START Dataset extract

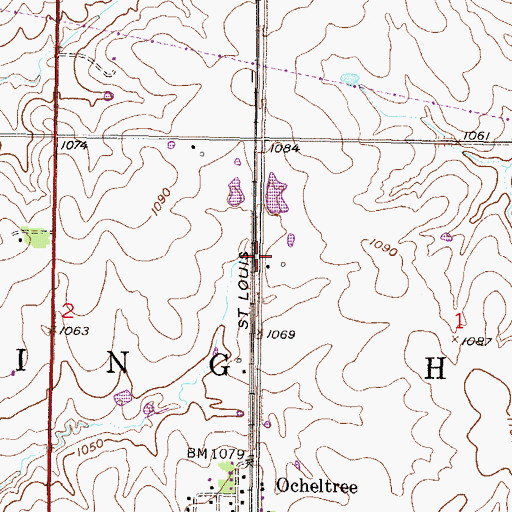 Topographic Map of Township of Spring Hill, KS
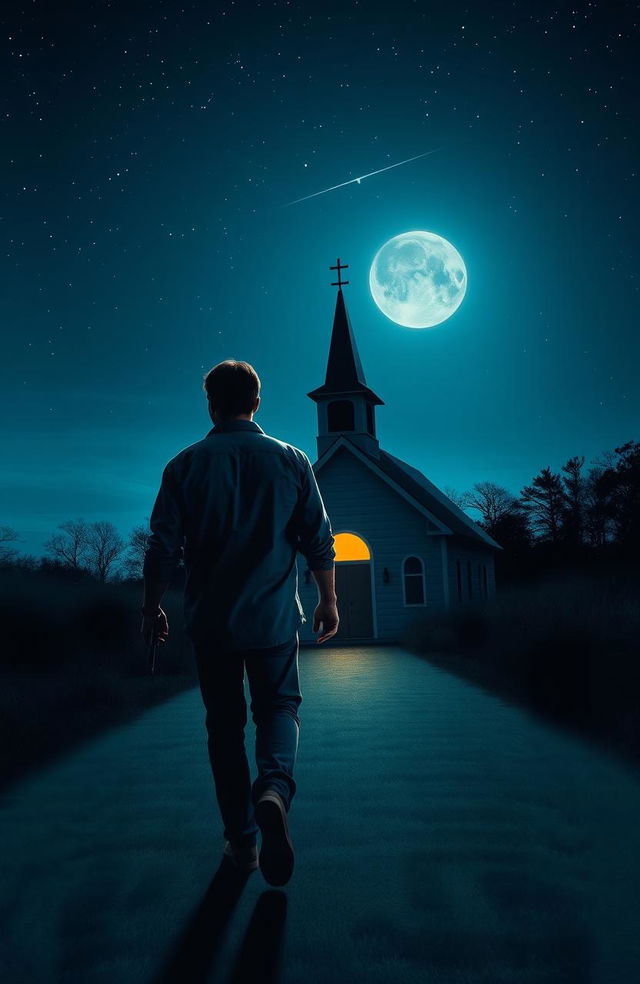 A scene depicting a man wearing a deep blue shirt, walking towards a small, quaint church illuminated by moonlight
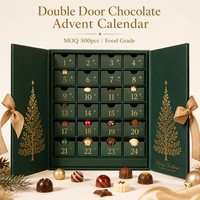 Grand coffret calendrier de l'Avent personnalisé 24 jours pour vins, spiritueux et liqueurs, en carton ondulé écologique avec pelliculage mat et doublure en éponge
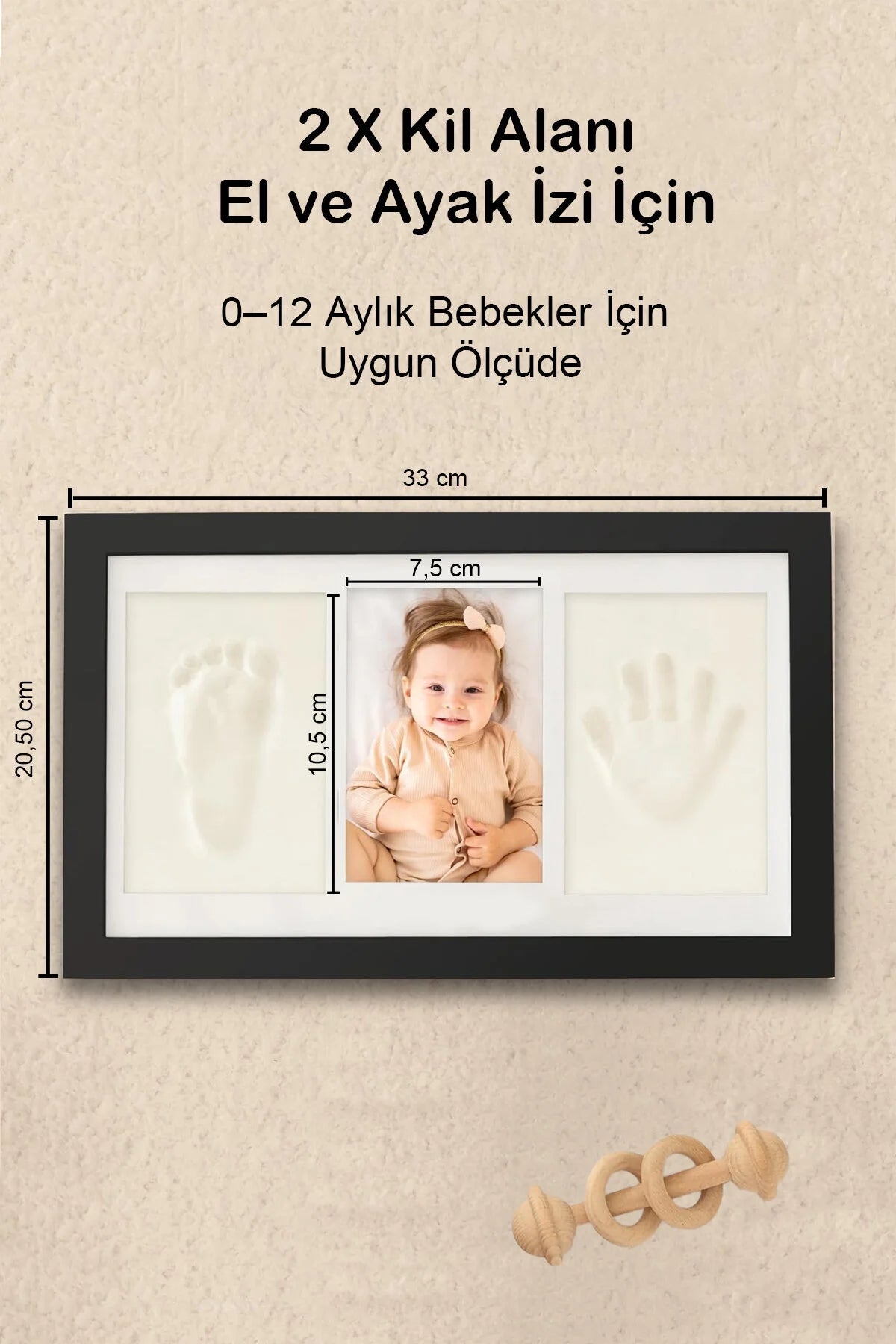 Bebek El Ayak İzi Seti – Kişiselleştirilebilir Kil Anı Çerçevesi | Yenidoğan Bebek Hediye ve Hatıra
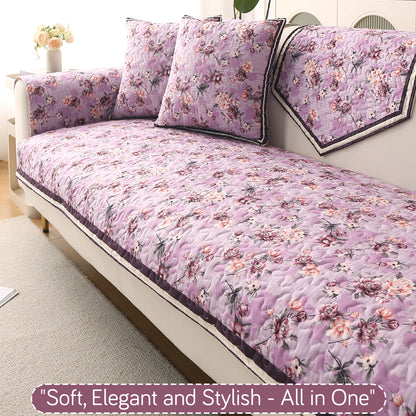 Florentina Series Printed Holland Velvet Sofa Mat - Peony Lavender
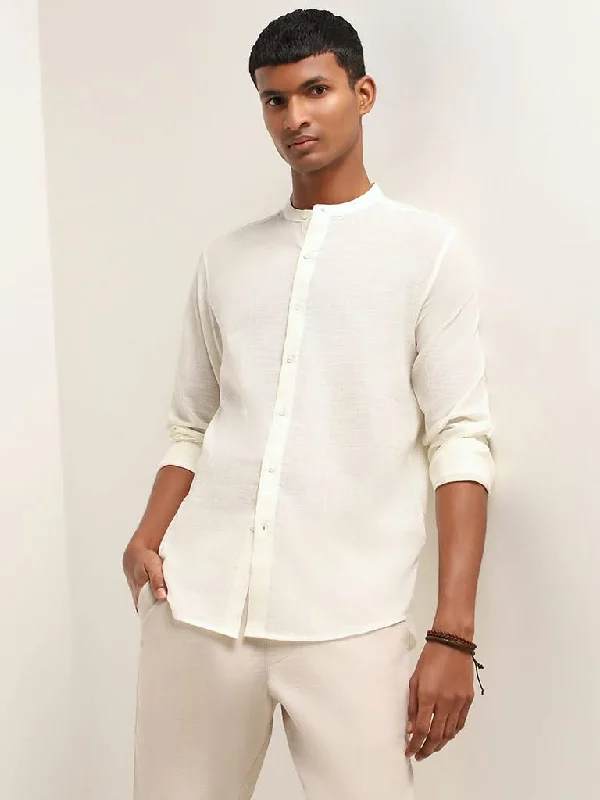 Online Exclusive ETA Light Yellow Resort Fit Grandad Shirt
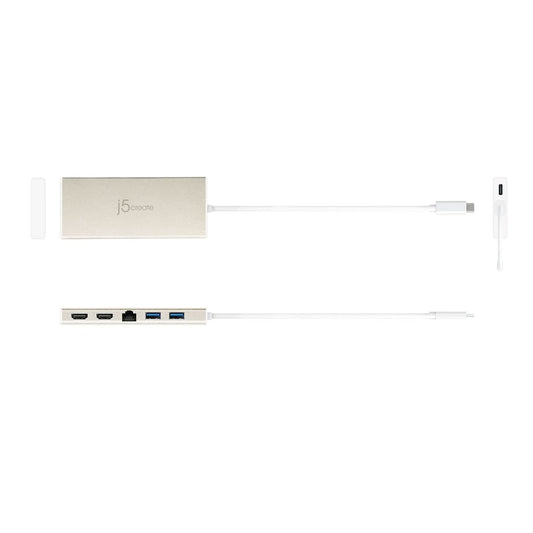 J5CREATE JCD381 USB Type Dual HDMI Mini Dock-Ethernet/ USB 3.1 HUB / PD2.0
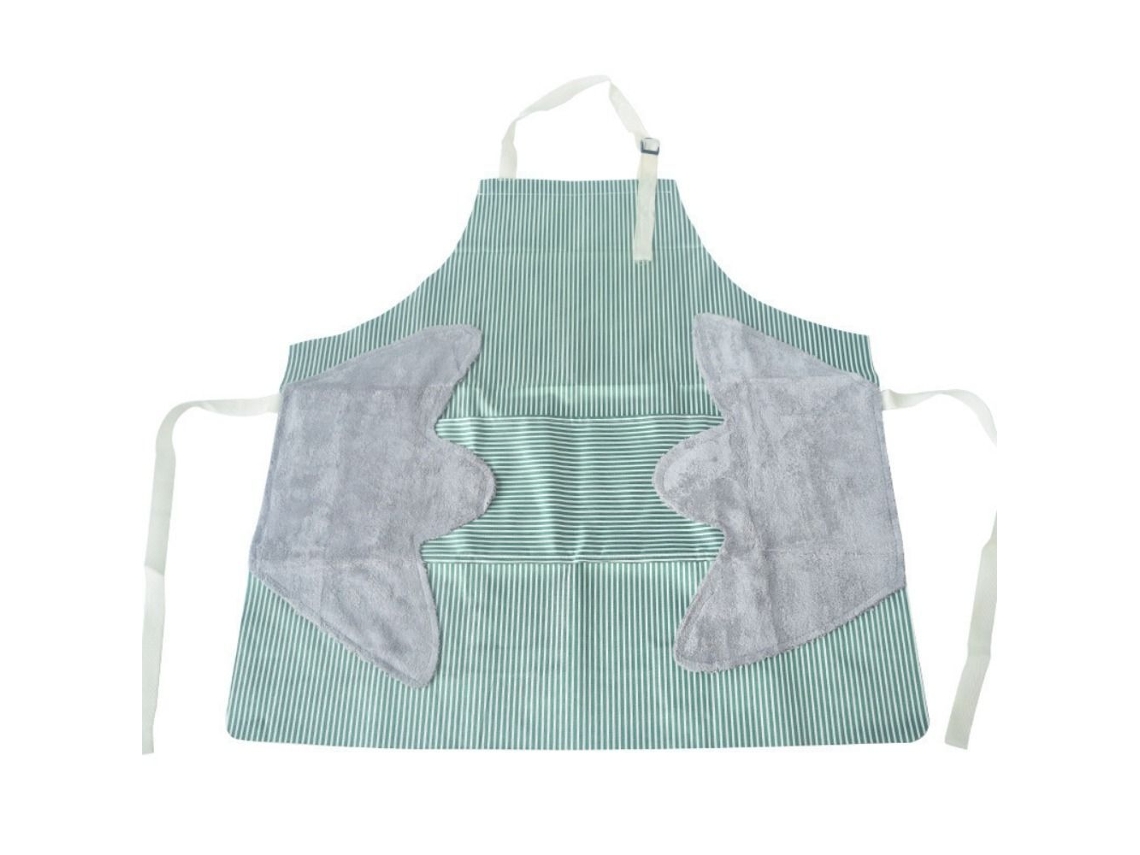 Avental Listrado Impermeável Com Bolsos Avental Feminino Avental De Cozinha Verde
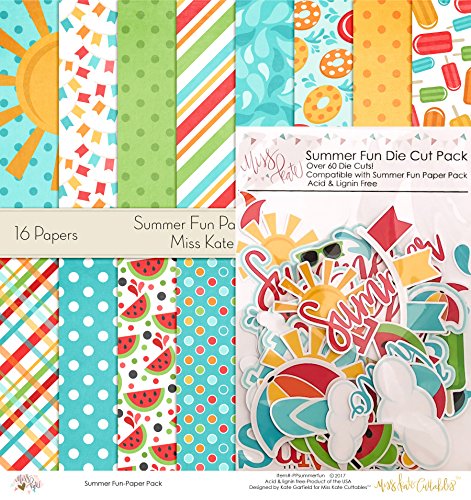 Summer Fun Set - Matching Die Cuts & Paper Kit by Miss Kate Cuttables - 16 Single - Sided 12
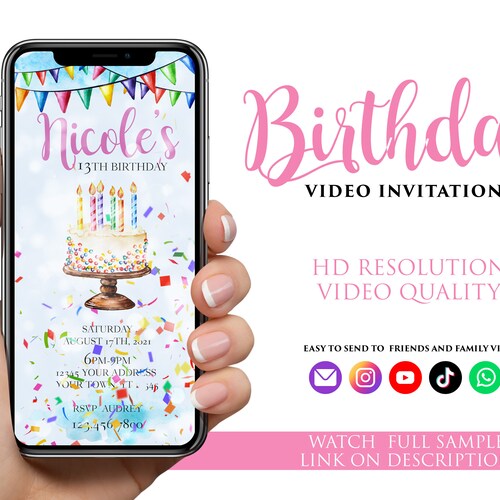Digital Birthday Invitation Animated Video Invitation Etsy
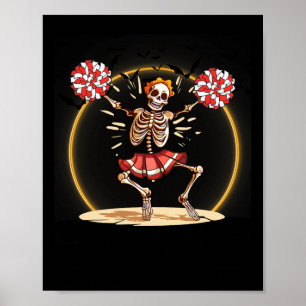 Affiche Cheerleading Skeleton Halloween Cheer Skeleton Che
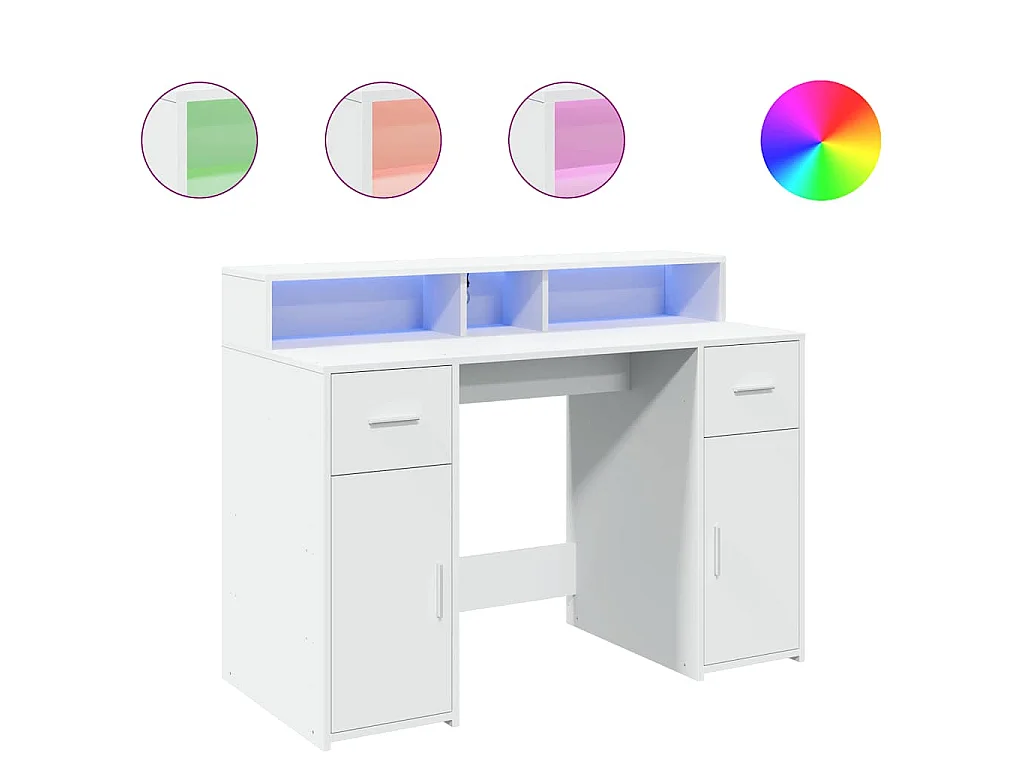 Bureau met LED-verlichting 120x55x91 cm bewerkt hout wit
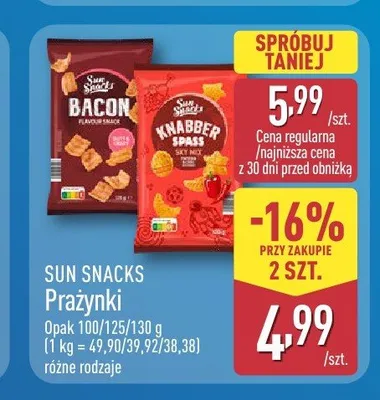 Prażynki Knabber Spass Sun Snacks promocja w Aldi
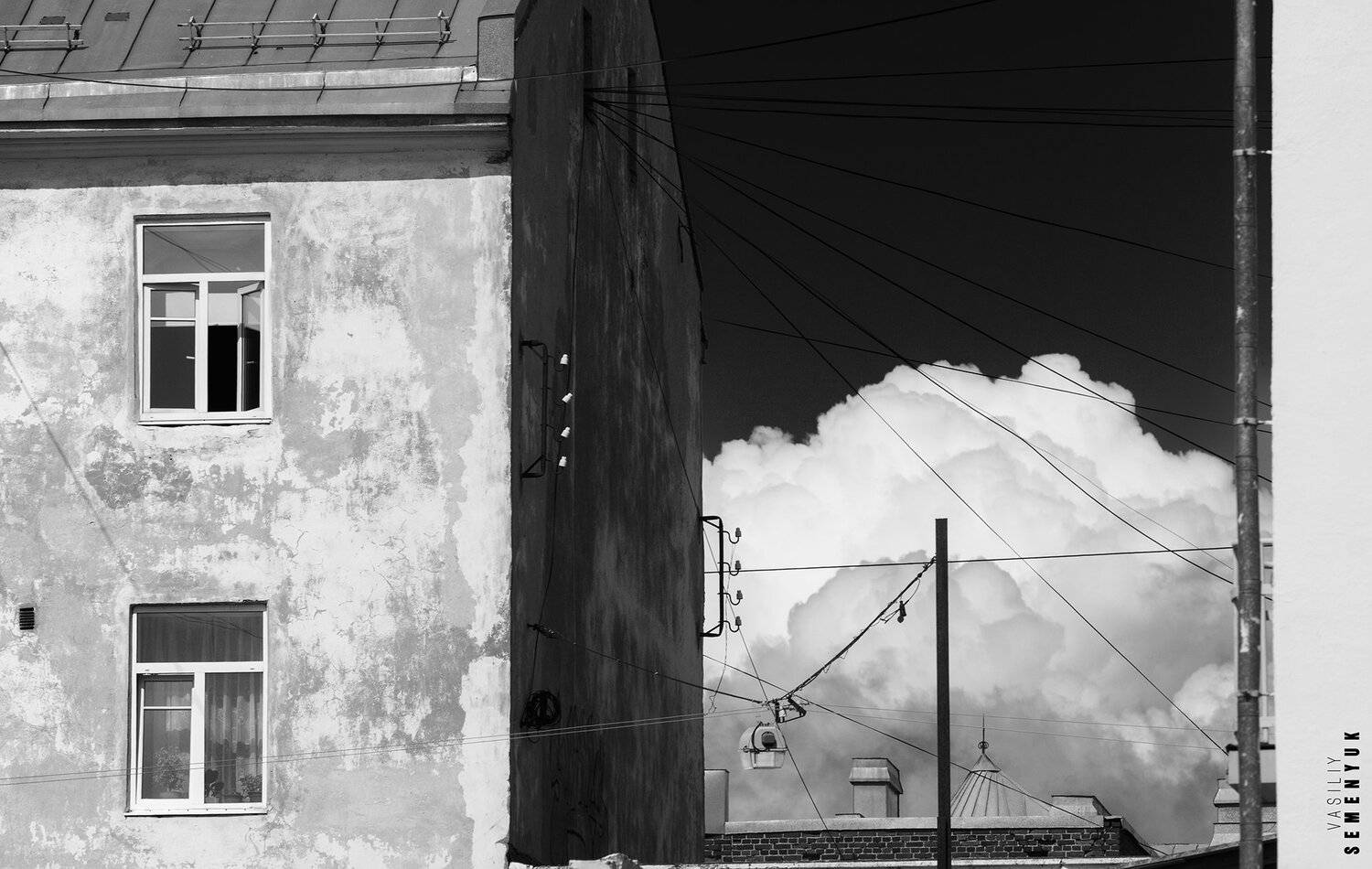 город, сортавала, облака, окно, минимализм, ч/б, городской пейзаж, city, mood, b/w, clouds, minimalism., Семенюк Василий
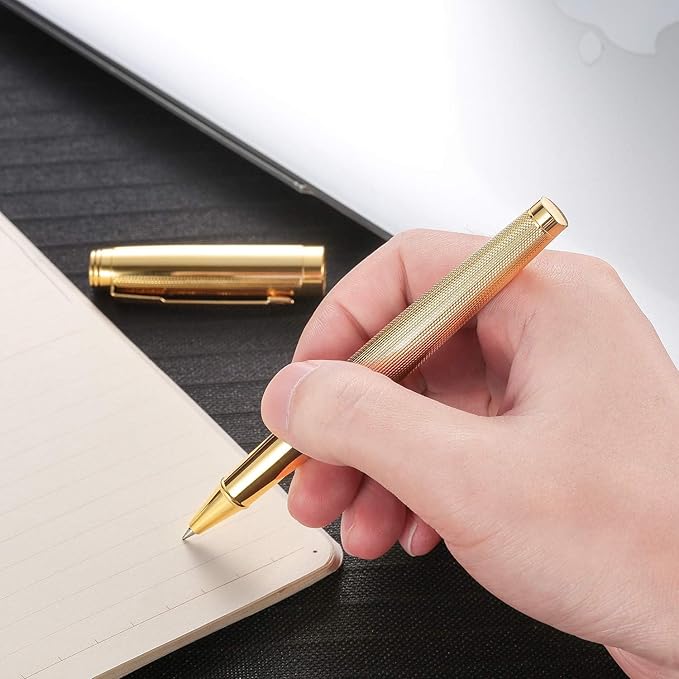 Rollerball Pen for Men Women Luxury Metal Executive Pens Home Office Use with Black Ink 0.7mm G2 (Luxury Gold)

END Dataset extract

= Task goal =
The answer must consist of the entries above, reproduced word for word, without any pictures.

= Answer section =
 Topographic Map of Township of Spring Hill, KS
 A scene depicting a man wearing a deep blue shirt, walking towards a small, quaint church illuminated by moonlight
 Grand coffret calendrier de l'Avent personnalisé 24 jours pour vins, spiritueux et liqueurs, en carton ondulé écologique avec pelliculage mat et doublure en éponge
 Bebek El Ayak İzi Seti – Kişiselleştirilebilir Kil Anı Çerçevesi | Yenidoğan Bebek Hediye ve Hatıra
 Florentina Series Printed Holland Velvet Sofa Mat - Peony Lavender
 Online Exclusive ETA Light Yellow Resort Fit Grandad Shirt
 J5CREATE JCD381 USB Type Dual HDMI Mini Dock-Ethernet/ USB 3.1 HUB / PD2.0
 Avental Listrado Impermeável Com Bolsos Avental Feminino Avental De Cozinha Verde
 Summer Fun Set - Matching Die Cuts & Paper Kit by Miss Kate Cuttables - 16 Single - Sided 12
Digital Birthday Invitation Animated Video Invitation Etsy
 Affiche Cheerleading Skeleton Halloween Cheer Skeleton Che
 Bureau met LED-verlichting 120x55x91 cm bewerkt hout wit
 Prażynki Knabber Spass Sun Snacks promocja w Aldi
 город, сортавала, облака, окно, минимализм, ч/б, городской пейзаж, city, mood, b/w, clouds, minimalism., Семенюк Василий
 Rollerball Pen for Men Women Luxury Metal Executive Pens Home Office Use with Black Ink 0.7mm G2 (Luxury Gold)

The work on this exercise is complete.